Research claims almost one in three teenagers in New South Wales (NSW) has illegally gambled in the past year.
According to a study conducted by NSW Government’s Office of Responsible Gambling, 30% of teenagers have gambled in the past year, over half of which did so in the company of their parents or relatives.
However, it is important to note the small sample size of the survey, a similar situation to a Gambling Commission report published in Great Britain in 2019.
Over 2,200 children between the ages of 12 and 17 took part in the survey, with researchers determining that most on average started the habit aged 11, and that 4% were problem or at-risk gamblers.

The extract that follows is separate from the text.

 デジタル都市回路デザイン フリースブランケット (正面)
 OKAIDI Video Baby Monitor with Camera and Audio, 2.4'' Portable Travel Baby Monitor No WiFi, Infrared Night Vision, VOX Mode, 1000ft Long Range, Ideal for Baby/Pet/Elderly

A total of 54% of participants said they gambled in the presence of a parent or guardian, with 20% saying they gambled in the company of grandparents, and 20% in the company of other relatives over the age of 18. Around 9% claimed they gambled alone.
The research also found that 40% of children participated in simulated gambling through video games such as Grand Theft Auto.
Those under the age of 18 were found to be more likely to be problem or at-risk gamblers if adults in their household gambled with them or indeed had gambling problems themselves.
“Underage gambling is illegal but significantly 21% of participants reported partaking in gambling including lotteries, scratchies, keno, and sports and race betting,” said Office of Responsible Gambling director Natalie Wright.
“The study found parents were the strongest influence on youth gambling, so we need to educate adults as well as young people.”